In occasione della Giornata mondiale del tonno, il Pew Charitable Trusts ha diffuso un report in cui si stima in oltre 42 miliardi di dollari il contributo annuo di questo pesce all’economia globale. Gli esperti hanno preso in esame le sette specie di tonno più importanti e hanno calcolato che ai pescatori è stata pagata complessivamente una somma annuale tra i 10 e i 12 miliardi di dollari.
Il tonno fa bene all’economia mondiale. A riferirlo è la Pew Charitable Trusts (associazione non governativa fondata nel 1948) in occasione della Giornata mondiale del tonno, che si è tenuta il 2 maggio scorso. Secondo il report dell’associazione che ha preso in esame le sette specie di tonno più consumate commercialmente nel 2012 e nel 2014, infatti, l’intero valore sull’economia globale (compresa la vendita ai consumatori finali), ha fruttato un profitto di 42,2 miliardi nel 2014, mentre i pescatori sono stati retribuiti con somme tra i 10 e i 12 miliardi di dollari l’anno.

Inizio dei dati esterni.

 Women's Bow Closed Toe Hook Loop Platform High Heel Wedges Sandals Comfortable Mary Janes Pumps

“Il valore del tonno a livello globale è superiore al prodotto interno lordo di almeno 108 Stati del mondo – ha dichiarato Amanda Nickson responsabile della Pew per la conservazione del tonno – Considerati i vantaggi per le economie costiere, esso rappresenta un bene che ogni governo dovrebbe impegnarsi a proteggere. Dato che non può essere allevato in cattività, viene pescato in mare aperto o intrappolato nelle tonnare. È il Pacifico l’oceano più fruttuoso in termini economici con un valore di 22 miliardi nel 2014 nell’industria del tonno. Tra le specie, quella più utilizzata, oltre che la più economica, è il tonnetto striato che viene usato nelle scatolette. Il tonno rosso del Mediterraneo è, invece, la specie più pregiata e costosa usata in molte ricette, che ha generato tra i 2 e 2,5 miliardi di dollari all’anno, ma in via di estinzione a causa dell’intensità della pesca che spesso non rispetta i periodi di fermo per la riproduzione”.

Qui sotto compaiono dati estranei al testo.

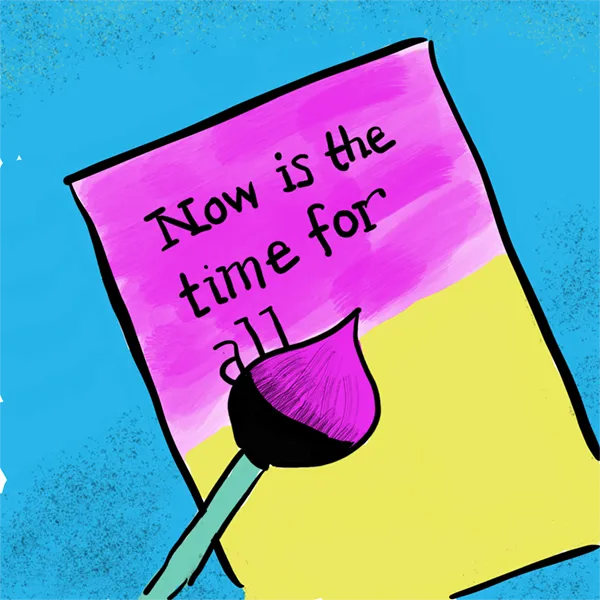 Cartoon: a paintbrush painting a document pink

Dunque, se il tonno è alla base dell’economia di molte Nazioni, è anche vero che bisogna fare molta attenzione alla conservazione della specie che sempre più spesso è sovrasfruttata e rischia l’estinzione. “I benefici economici a breve termine dettano ovviamente le decisioni – ha concluso la Nickson – ma ci sarebbe molto più valore in una gestione responsabile e lungimirante. I governi che si occupano della supervisione dovrebbero rimuovere le barriere che bloccano l’adozione dei limiti di pesca suggeriti dalla comunità scientifica e utilizzare strumenti moderni di gestione”.